Entidades representantes dos aposentados reagiram à manobra do governo para tentar barrar o avanço da revisão da vida toda, que garante aos aposentados o ingresso na Justiça para pedir a inclusão das contribuições feitas até 1994 para fins de cálculos de seus benefícios.

 

A decisão do ministro Nunes Marques, do Supremo Tribunal Federal (STF), de pedir destaque ao processo do plenário virtual da Corte que reconheceu a constitucionalidade da “revisão da vida toda” no Instituto Nacional do Seguro Social (INSS) — e fazer o processo voltar à estaca zero para ser rediscutido em sessões presenciais —, provocou reação dos principais interessados: os aposentados do INSS, que teriam a oportunidade de incluir no cálculo da aposentadoria as maiores contribuições previdenciárias feitas antes de julho de 1994.

Um grupo chamado “Lesados pelo INSS Revisão da Vida Toda” enviou um ofício ao presidente do Supremo, ministro Luiz Fux, na tentativa de mostrar as razões pelas quais o julgamento, que deu vitória aos aposentados por 6 votos a 5, não deveria ser levado ao plenário em sessão presencial.

No ofício, os aposentados chamam a atenção para a tentativa de interferência do Poder Executivo no Supremo, segundo eles, abre precedente antidemocrático. Os aposentados avaliam que toda vez que o Executivo perder uma demanda jurídica poderá solicitar que ministros indicados pelo presidente da República, Jair Bolsonaro, peçam destaque, de forma a exercer seu poder de veto.

Impacto de até R$ 5,5 bilhões

Um outro ponto salientado pelo grupo é o valor do impacto econômico da “revisão da vida toda” nos cofres da União. No processo, o próprio INSS cita R$ 46 bilhões em dez anos. Logo em seguida, uma nota técnica, fora do processo, foi emitida. Neste documento, o montante chega a R$ 360 bilhões em 15 anos. O que é contestado pelo grupo e por advogados.

— O INSS trabalha com suposições em uma nota técnica inflada levada ao Supremo — disse João Badari, do Instituto de Estudos Previdenciários (Ieprev).

De acordo com os novos cálculos do INSS, 51 milhões de benefícios seriam revisados com a decisão do Supremo.

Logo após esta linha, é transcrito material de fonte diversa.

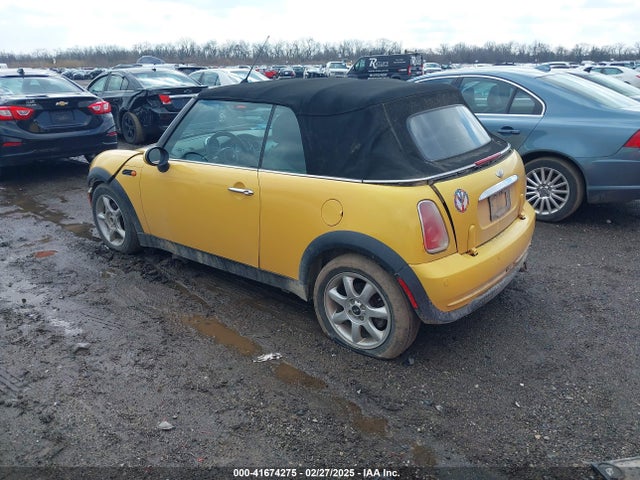 2007 MINI COOPER WMWRF33507TG16661 Photo 2
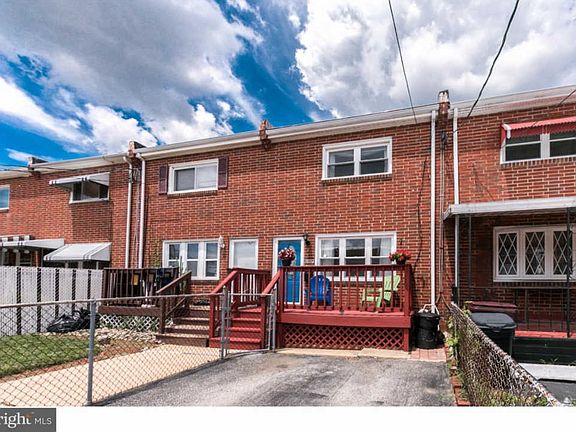 3rd image of 207 N Ford Ave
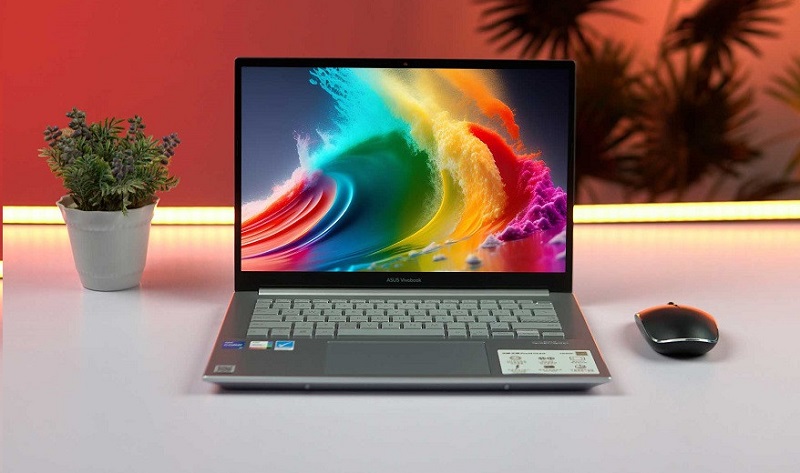 Vivobook có thiết kế mỏng nhẹ, hiện đại và cực kỳ tinh tế với màu đen và bạc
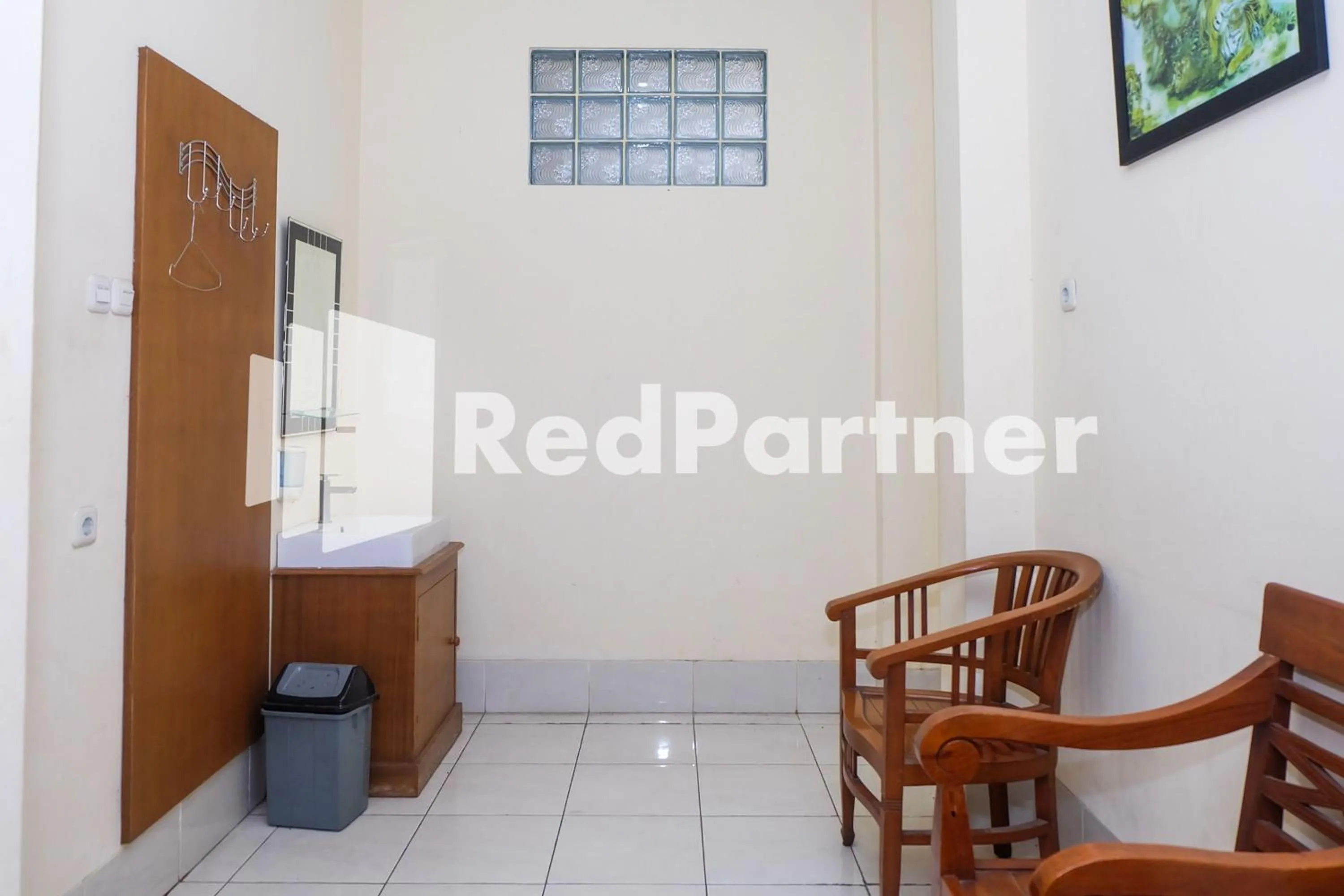 Bedroom in Hotel Sebelas at Jalan Palasari Mitra RedDoorz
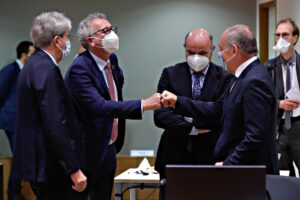 L’Ue approva i Recovery nazionali ma litiga subito sui green bond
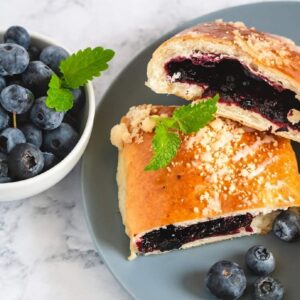 Jagodzianki Best Polish blueberry buns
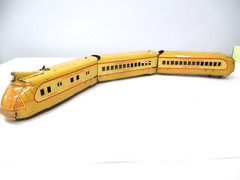 Marx M10000 UP Streamliner Tan, Cream Litho 3Pc Windup Prewar O gauge X7996
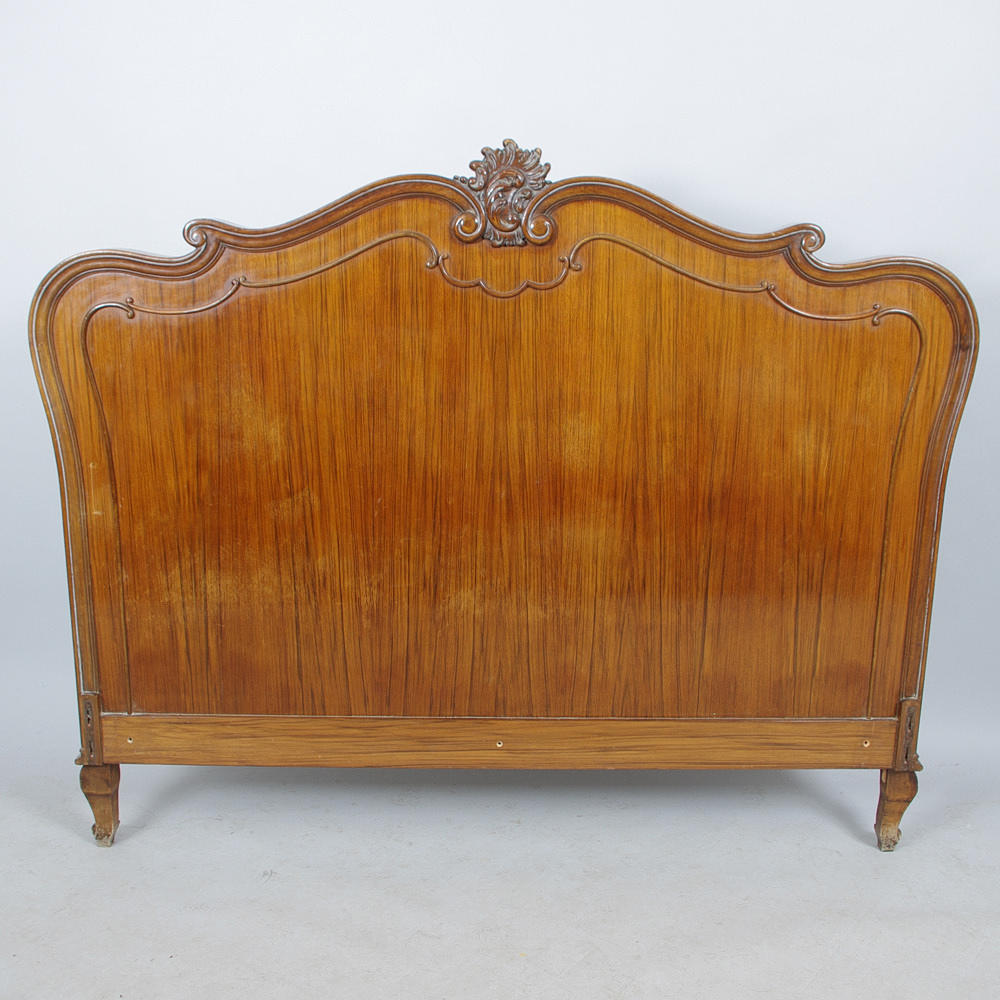 SÄNGGAVEL, mahogny, rokokostil.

O que, segundo Badari, está superestimado: todos os benefícios pagos pela Previdência Social hoje giram em torno de 36 milhões.

Na avaliação do advogado, as suposições do INSS são errôneas, já que nem todos os aposentados teriam direito à “revisão da vida toda”. Quem se aposentou há mais de dez anos estaria fora da ação, por exemplo. Sem contar que outros aposentados seriam beneficiados com centavos e, portanto, não devem ingressar com ações judiciais.

O grupo “Lesados pelo INSS Revisão da Vida Toda” contesta a previsão. O grupo contratou especialistas que avaliaram o impacto econômico aos cofres da União: de R$ 2,7 bilhões a R$ 5,5 bilhões.

Grupos distintos

Segundo especialistas, os segurados que podem se beneficiar da revisão estão distribuídos em três grupos: aqueles que realizaram poucos recolhimentos após 1994; quem recebia uma alta remuneração bem antes de 1994; e aqueles com baixos salários após 1994.